To this end, we recently tried three high-profile celebrity-endorsed coffees big on the market right now, or trying to be. (We regret that we haven't yet had a chance to sample celebrity coffees from Rob Zombie, Emeril, Will Oldham/Bonnie Prince Billy, or Styx.) Here's what we sipped, and what we thought:
Marley Coffee, passionate venture of Bob Marley's son Rohan Marley, is an internationally distributed, US-roasted coffee created partially in tribute to Rohan's father's "deep respect for nature and humanity." We've seen the not-cheap Marley branded Jamaica Blue Mountain blend (the Talkin' Blues coffee retails for upwards of $50/lb), but despite turning up in some fancier retail outlets, the backbone of the business seems to be convenience. They rely heavily on pre-ground bags of affordable, organic coffees from Central America and Africa at low prices, with no particular origin attached—though the temptation to gift someone a bag of One Love or Buffalo Soldier is very very high.
We tried Get Up, Stand Up, one of the lightest roasts available, and found it to be drinkable yet nondescript—notes of chocolate and dark fruit show up in the aroma, and get lost a bit in the cup.
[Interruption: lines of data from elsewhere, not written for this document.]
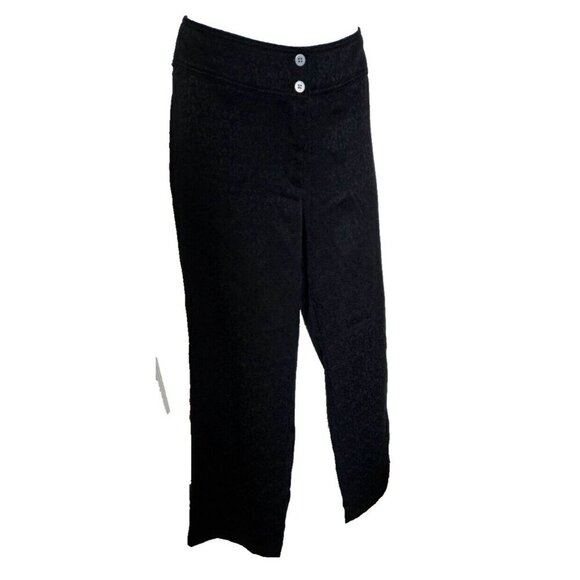 Chico's Embossed dress Pants Black Jacquard size 1.5 - Picture 7 of 8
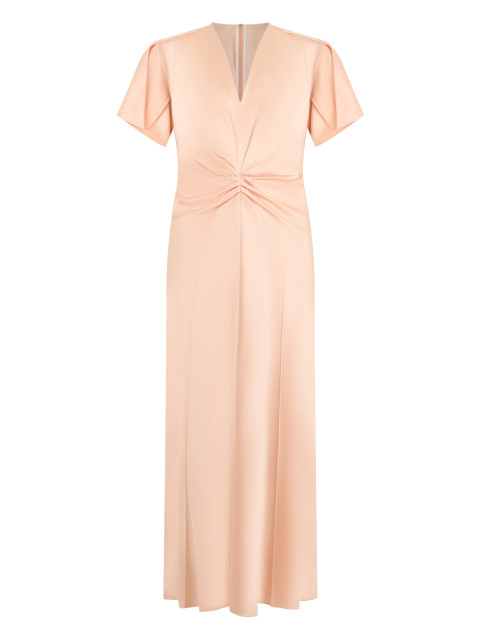 Long satin dress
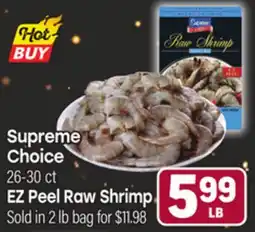 Tony’s Fresh Market Supreme Choice, 26-30 ct or EZ Peel Raw Shrimp offer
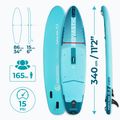 Rinkinys pripučiama lenta SUP AQUASTIC Perth Pro 11'2" all-round green 19
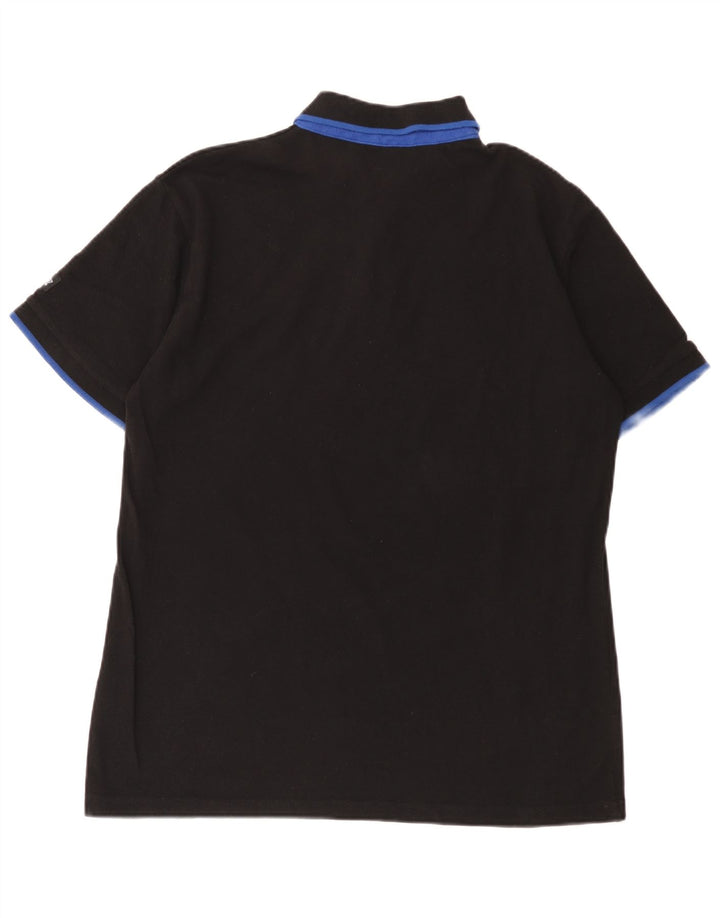 Dickies Mens Polo Shirt Large Black Cotton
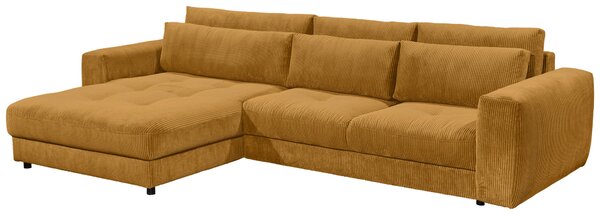 ROHOVÁ SEDAČKA, textil, kompozitné drevo, žltá MID.YOU - Sedačky, Online Only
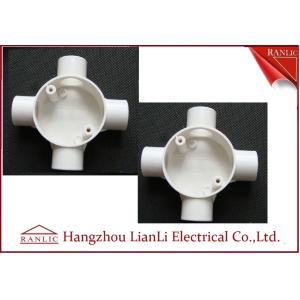 Three Way Round PVC Electrical Conduit Junction Box BS4568 Custom Made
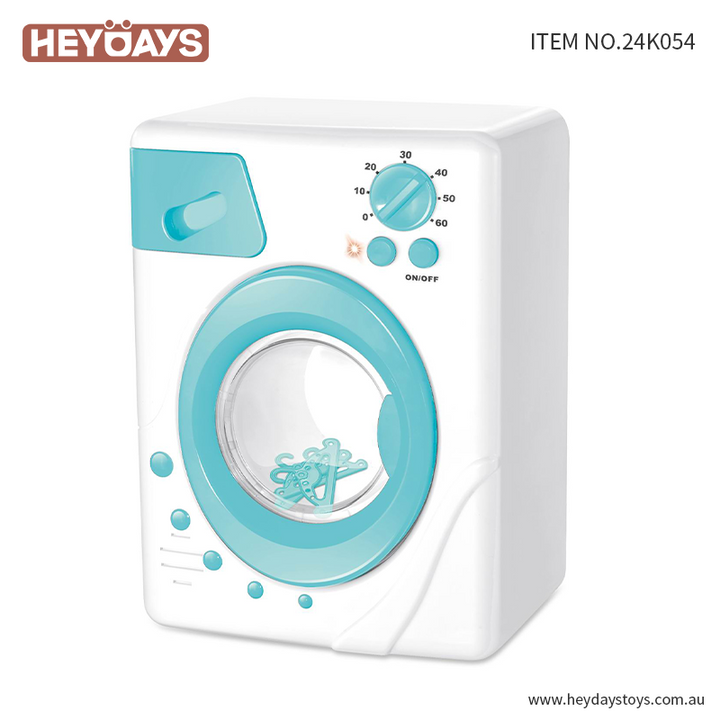 Washing Machine – Realistic Pretend Play Appliance with Rotating Drum & Lights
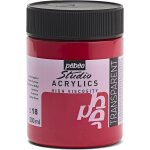 Acrylique fine studio acrylics - peinture acrylique rouge - carmin naphtol - 500 ml Acrylique fine studio acrylics - peinture acrylique rouge - carmin naphtol - 500 ml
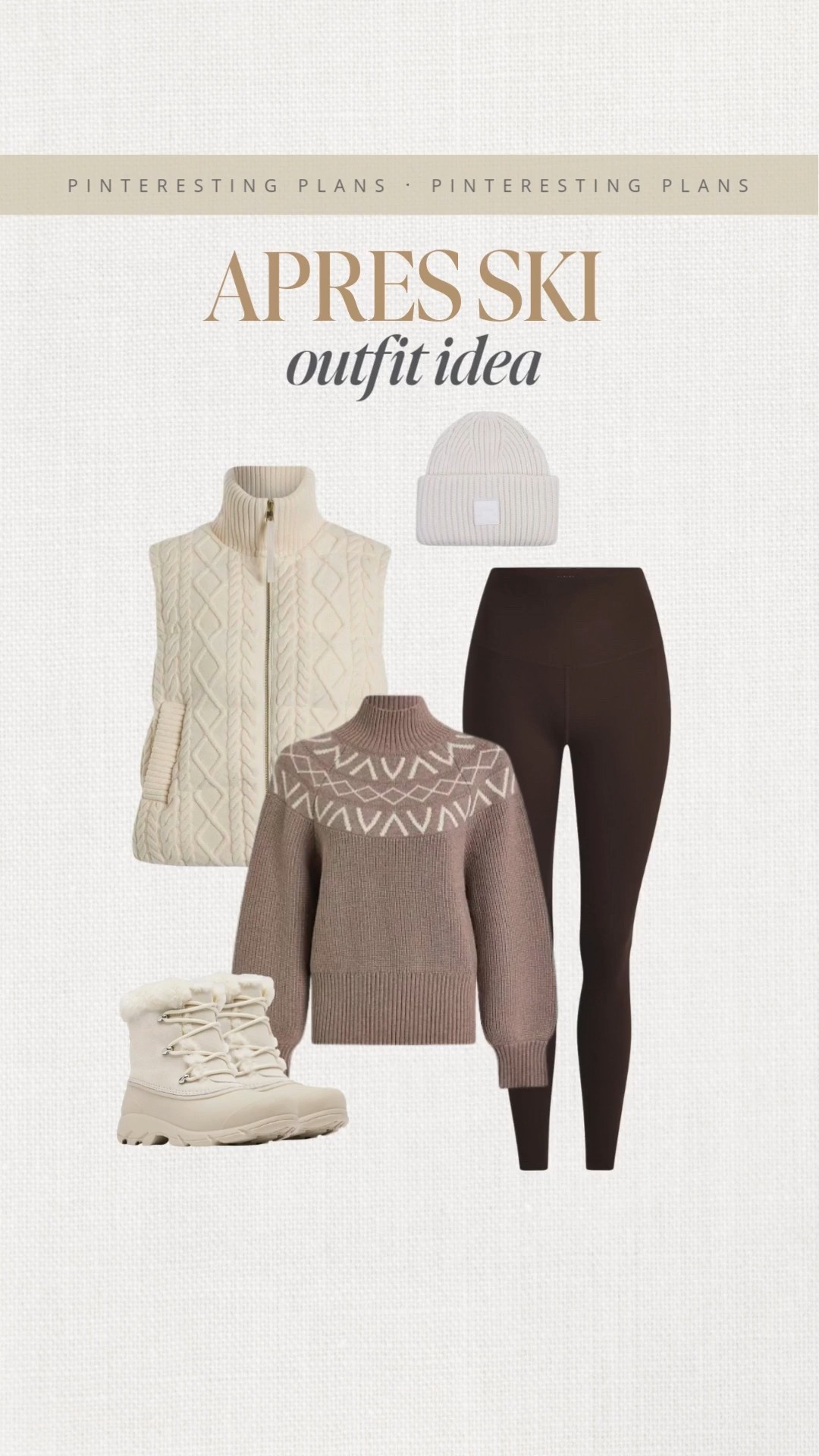 Apres Ski outfit idea 🙌🏻🙌🏻

Winter look, ski outfit, leggings, vest, winter style 

#LTKSeasonal #LTKootd #LTKTravel

#LTKdayinmylife #LTKootd #LTKSeasonal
But if you're looking for a coffee with an irie vibe (their website urges you to join them in partnering on business solutions such as vending machines and kiosks), definitely stand up for this. Some proceeds go to youth soccer.
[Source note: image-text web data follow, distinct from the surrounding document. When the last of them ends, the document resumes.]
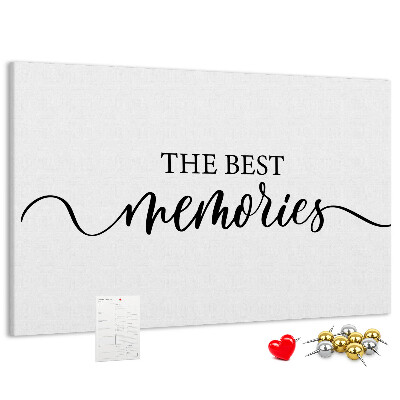 Tablero de corcho decorativo con estilo elegante para tus mejores recuerdos
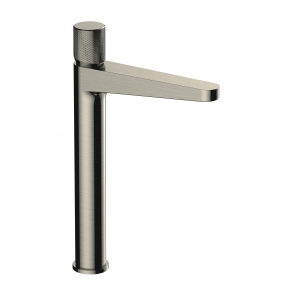 RAK Amalfi Tall Basin Mixer Tap Without Waste - Brushed Nickel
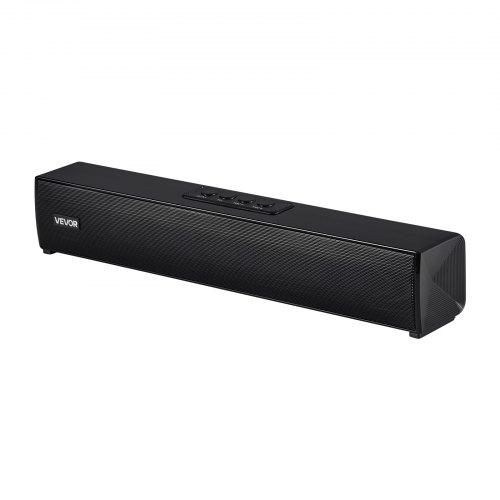 VEVOR Sound Bar for Smart TV, 2.0 Channel, 450 Mm Compact Soundbar TV Speakers for Projector, Bluetooth AUX Connection, Remote Control, Easy Setup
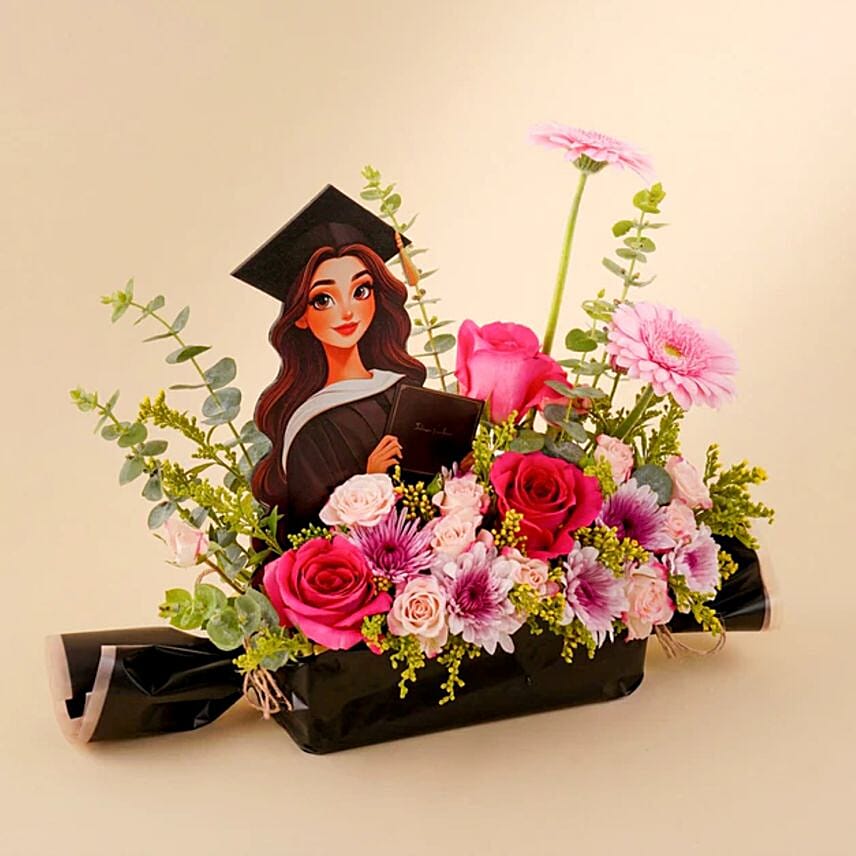 Graduation Success Flowers For Her: Graduation Gifts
Grace Hightower "Coffees of Rwanda"
An unusually successful convergence of philanthropy and taste is Grace Hightower De Niro's Rwanda project, a line of four coffees—three filter roasts and an espresso—from Rwanda, traded and marketed with the goal of elevating awareness of this exemplary coffee (and troubled coffee growing region.)
In this case, the results are good ones: we liked what we sampled from Grace's Signature Series the best: this particular line of coffees highlights specific smaller origins, in this case it's coffee from the Buf Café washing stations that are famous for producing remarkable Rwandan coffees. We tried some flavorful cups of the Buf Café and found the lighter roast retained much of the lovely nuance of coffees of this region like sweet berry and stone fruit. Of all the coffees we tried, we liked Hightower's the best both in the cup and for its conscience.
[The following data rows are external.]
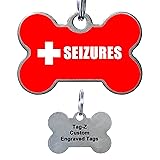 Seizures Medical Alert Pet ID Tags, Custom Printed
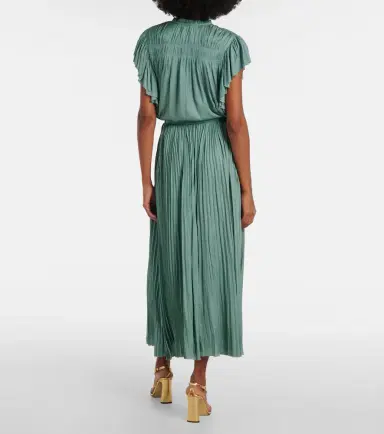 Ulla Johnson Lulu satin plissé maxi skirt | Thumbnail 2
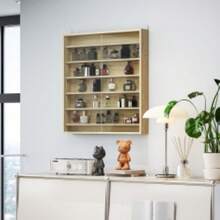 Six Shelf Display Cabinet, With Glass Doors - Oak - T0001-01-3160 - View 7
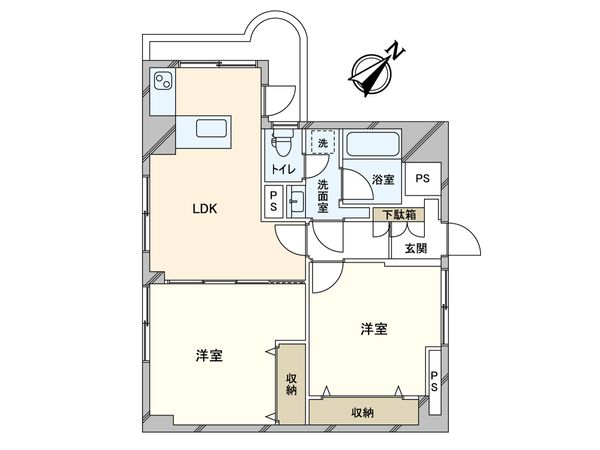 ルーブルかな杉 間取図(平面図)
Joey Kramer "Rockin n Roastin"
If you are looking for dark roasted diner-style coffee with an album-oriented rock twist, Joey "Drummer for Aerosmith" Kramer's "Rockin' n Roastin'" line will do. We spoke to Joey about his private label coffee line—roasted by Harmony Bay Coffee of North Andover, Mass., which focuses on putting affordable, higher-quality coffees within reach of the discriminating, and presumably rocking, consumer. Though Kramer insists his role is hands-on and the product is not a novelty, the premise is a bit too simplified: currently the coffees are exclusively sourced from Guatemala, Sumatra, and Ethiopia ("the best places for coffee", sayeth the drummer) and are roasted to a shiny darkness, even when the bag says medium. What unique characteristics began in these beans is unfortunately submerged in the roast, and—acknowledging that all of these coffees come with months-long "best before" dates—is labelled with a distressing expiration date of 2015. Freshness and flavor, then, not taking too much of a front seat in the rock and roll lifestyle.
Kramer's part of the high-cost-of-coffee backlash, insisting that "We're making a whole lot less money so that people realize you don't HAVE to pay $5 for a really great cup of coffee," though he assured me that both rockin' and roastin' are hard work that he has a passion for. Sadly our tasters found our cup of woody, roasty Guatemala not to rock very hard at all—but perhaps we drink to the beat of a different drummer.